How to name modules, automatic and otherwise
Robert Scholte
rfscholte at apache.org
Mon Feb 20 17:50:38 UTC 2017
On Fri, 17 Feb 2017 11:45:14 +0100, Remi Forax <forax at univ-mlv.fr> wrote:
> I agree that
> - we should not bake the Maven way of specify identifiers into the
> language.
> - we should not drop automatic modules, this is a practical way to do
> the migration if you are maintaining an application.
>
> On the addition of Module-Name attribute, i can understand that it's a
> simple way to reserve a name. I will agree to introduce that in the spec
> only if Robert and Brian finds that an automatic module with a
> Module-Name attribute is something that can be pushed on Maven Central.
> Otherwise, specifying a Module-Name is not very different of writing a
> module-info.java with everything exported (i see the fact that a regular
> module can not access to the classpath unlike an automatic module as a
> bonus).
This looks fine to me. It will close the gap where you want to be able to
give your project a module name for others to be used, in case you cannot
write a module-info file because it would depend on automodules.
I'm investigating some ideas which should prevent projects specifying
references to automodules to be published to Central.
>
> I fully disagree on the idea of using short names for module, the Java
> community is too big for this kind of shortcut, the reverse DNS prefix
> have serve us well and counting the number of keystrokes is not a good
> metric.
> I've spend some time with Herve Boutemy last Tuesday night (and early
> Wednesday) to discuss about existing modules in Maven Central interropt.

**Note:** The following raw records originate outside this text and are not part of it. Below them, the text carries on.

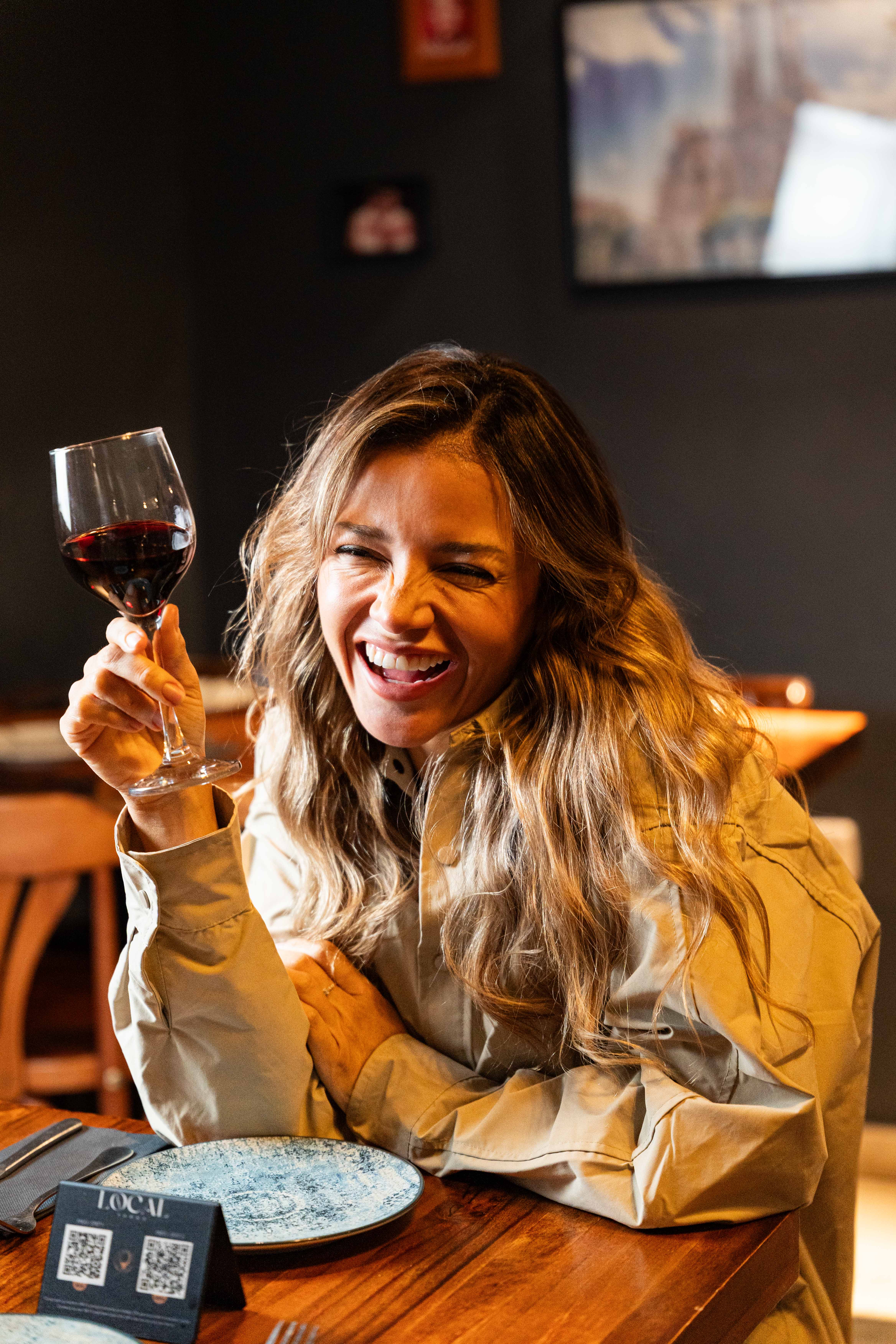 Guest enjoying Spanish wine at Local Tapas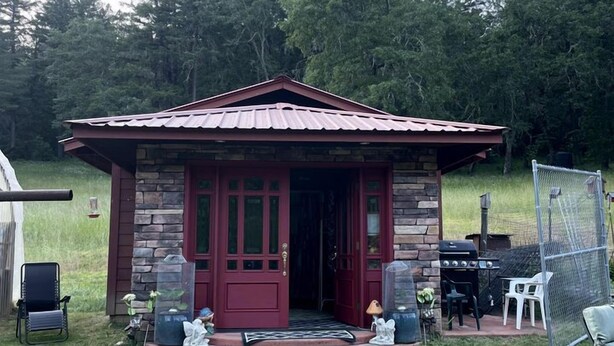 Un petit bâtiment en pierre avec une porte rouge, un porche avec des chaises et un barbecue à l’extérieur.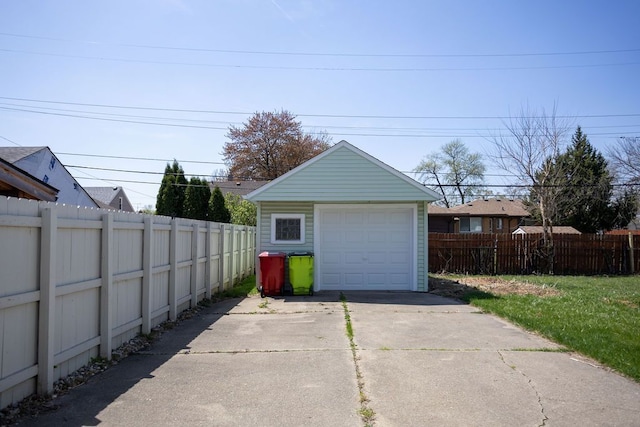 detached garage featuring fence and concrete driveway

> The Maven group id is something you have to ask before being able to
> publish on Maven Central, so it's more a Maven Central group id that a
> Maven group id. We should recommend that existing module on Maven
> Central should use a name that starts with the Maven Central group id.

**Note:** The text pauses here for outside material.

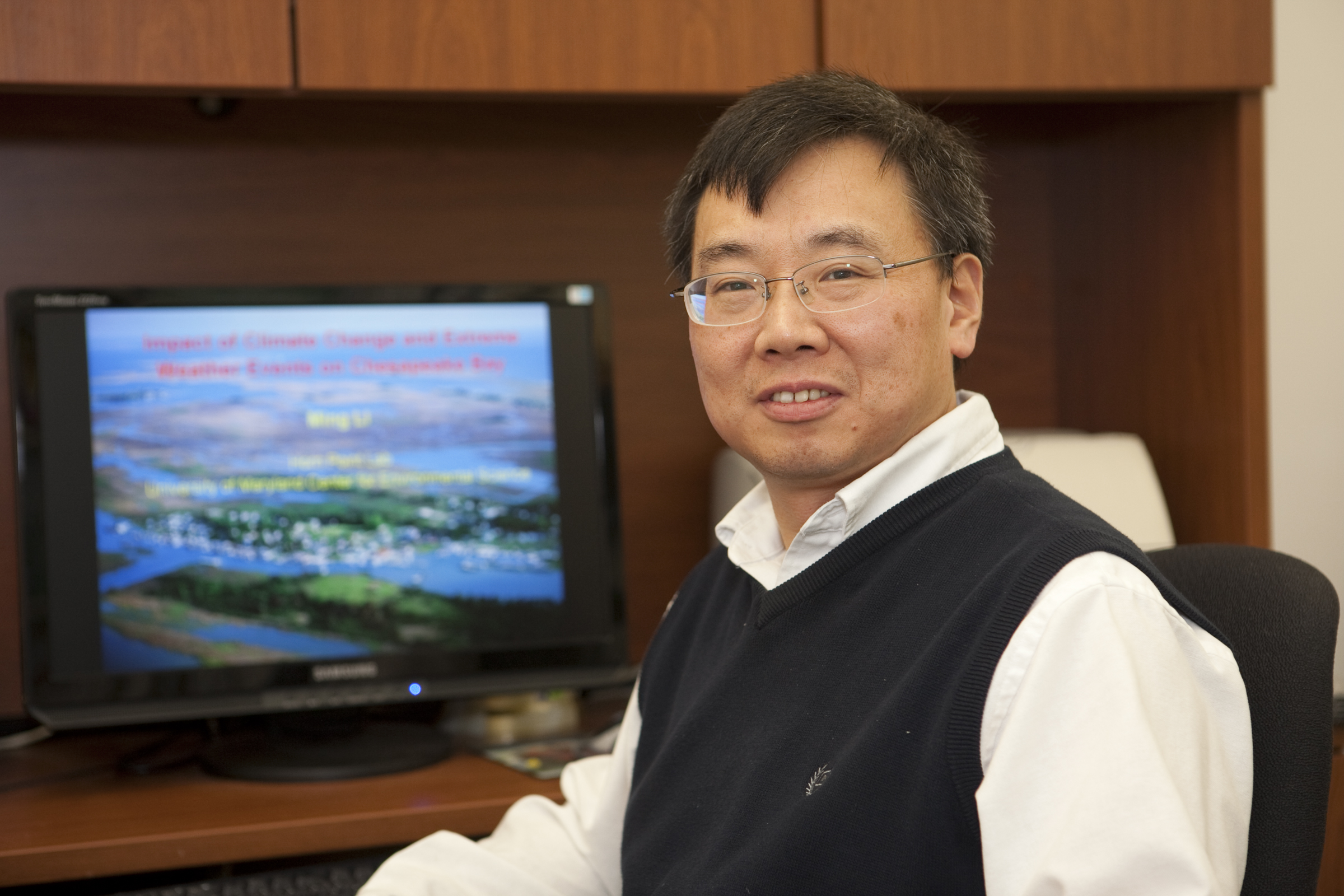 Ming Li sits at his desk in his office.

> By example, Google's Guava should be com.google.guava or
> com.google.guava.core (or anything else that starts with
> com.google.guava).
>
> This will solve the name collisions issues between artifacts of Maven
> Central at least.
From JPMS I understand that in the end this is simply an identifier. What
it looks like, it doesn't matter, as long as it is uniquely resolved on
the module path.
There is this kind of trust where developers should pick there module name
wisely, otherwise their project won't work in a modular world. In case of
classes there are the same issues, but there were these tricks of class
path order or package relocation to solve collisions, but that's not
possible with modules.
Choosing the right name will be very important, and it better not match
only the artifactId.
thanks,
Robert
>
> Rémi
>
> ----- Mail original -----
>> De: "mark reinhold" <mark.reinhold at oracle.com>
>> À: jpms-spec-experts at openjdk.java.net
>> Envoyé: Jeudi 16 Février 2017 17:48:27
>> Objet: How to name modules, automatic and otherwise
>
>> This note is in reply to the concerns about automatic modules raised by
>> Robert Scholte and Brian Fox [1], and by Stephen Colebourne and others
>> [2]. I've collected my conclusions here rather than in separate
>> messages
>> because there are several distinct yet intertwined issues.
>>
>> Summary:
>>
>> - Module names should not include Maven group identifiers, because
>> modules are more abstract than the artifacts that define them.
>>
>> - Module names should use the reverse-domain-name-prefix convention
>> or, preferably, the project-name-prefix convention.
>>
>> - We should not abandon automatic modules, since they are a key tool
>> for migration and adoption.
>>
>> - We can address the problems of automatic modules with two fairly
>> minor technical enhancements.
>>
>> If any of these points strikes you as controversial, please read on!
>>
>> * * *
>>
>> Module names should not include Maven group identifiers, as Robert
>> Scholte and Brian Fox suggest [1], even for modules declared explicitly
>> in `module-info.java` files. Modules in JPMS are a construct of the
>> Java
>> programming language, implemented in both the compiler and the virtual
>> machine. As such, they are more abstract entities than the artifacts
>> that define them. This distinction is useful, both conceptually and
>> practically, hence module names should remain more abstract.
>>
>> This distinction is useful conceptually because it makes it easier, as
>> we read source code, to think clearly about the nature of a module. We
>> can reason about a module's dependences, exports, services, and so forth
>> without cluttering our minds with the details of group identifiers and
>> version constraints. Today, e.g., we can write, and read:
>>
>> module foo.data {
>> exports com.bar.foo.data;
>> requires hibernate.core;
>> requires hibernate.jcache;
>> requires hibernate.validator;
>> }
>>
>> If we were to extend the syntax of module names to include group
>> identifiers, and encourage people to use them, then we'd be faced with
>> something much more verbose:
>>
>> module com.bar:foo.data {
>> exports com.bar.foo.data;
>> requires org.hibernate:hibernate.core;
>> requires org.hibernate:hibernate.jcache;
>> requires org.hibernate:hibernate.validator;
>> }
>>
>> Group identifiers make perfect sense in the context of a build system
>> such as Maven, where they bring necessary structure to the names of the
>> millions of artifacts available across different repositories. Such
>> structure is superfluous and distracting in the context of a module
>> system, where the number of relevant modules in any particular situation
>> is more likely to be in the tens, or hundreds, or (rarely) thousands.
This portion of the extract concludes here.